The move comes after shareholders failed to agree on a plan of merger with billionaire Analjit Singh-promoted Max Financial Services Ltd that would meet regulatory approvals, the lender informed stock exchanges on Monday.
The firm’s board passed a resolution enabling an offer for sale of up to 20% of shares in HDFC Life.
HDFC owns 61.65% and Standard Life 35% of the insurer while minority shareholders hold the remaining.
A public listing was HDFC Life’s initial plan. Subsequently, HDFC and Max Financial began exploring a merger of their insurance businesses. They, however, failed to get the approval of the Insurance Regulatory and Development Authority of India (IRDA) for the amalgamation.
On Monday, the HDFC Life board did not rule out a future merger with Max Life though it was not specific about a timeline.
“If Max Life and ourselves are able to obtain all necessary regulatory approvals, HDFC Life board and its promoters would be willing to re-evaluate the option of a merger with Max Life in due course,” it said.
In November last year, IRDA had expressed reservations over a possible merger, citing lack of provisions for such an amalgamation under the existing terms and conditions.
After IRDA raised objections, both the companies said they would file a revised merger structure with the insurance regulator. HDFC Life was slated to consider this revised proposal at the board meeting on Monday.
According to a Mint report last week, the new structure involved creating a separate insurance entity, tentatively named as HDFC Plus, which would have to secure a fresh licence from IRDA.
“At present, no structure prior to an IPO of HDFC Life has been identified which satisfies shareholders’ requirements,” the company said on Monday.
HDFC Life has already hired merchant banks Morgan Stanley and Credit Suisse to arrange its public listing at the earliest, two persons briefed on the development told VCCircle.
The companies previously considered a tiered merger plan initially involving the amalgamation of Max Life with Max Financial. The life insurance unit was then proposed to be demerged into HDFC Life. Separately, Max Financial was proposed to be merged into another listed company of the Max group – Max India.
The merger would have created India’s largest private-sector life insurer, with annual premium worth Rs 25,500 core, surpassing ICICI Prudential Life Insurance Co.
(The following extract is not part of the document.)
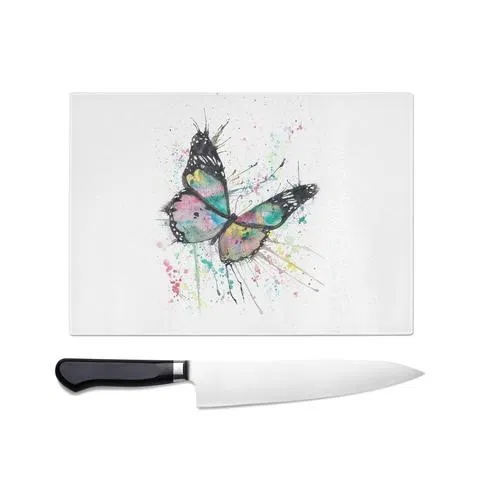 Glass Chopping Board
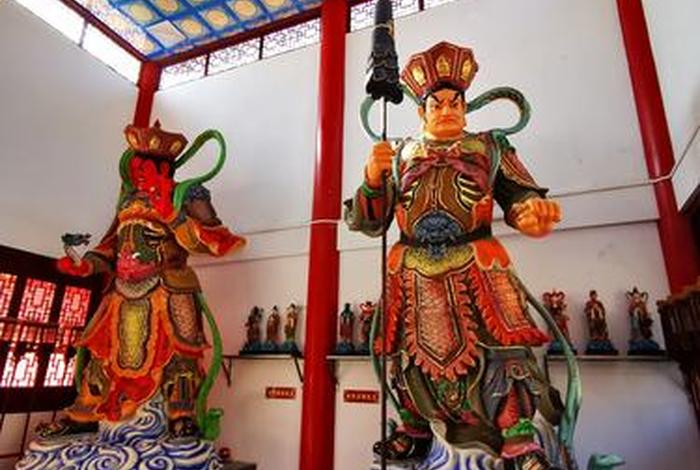 佛教天王殿（佛教天王殿的介绍）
Ltd.
HDFC Life is opting to go public at a time when another insurer SBI Life has filed its draft papers with the capital markets regulator Securities and Exchange Board of India for an initial public offering.
As VCCircle reported in May, simultaneous life insurance IPOs were forcing merchant banks to be choosy as they cannot represent two insurers at the same time.
Last year, ICICI Prudential Life Insurance became the first life insurer in India to go public.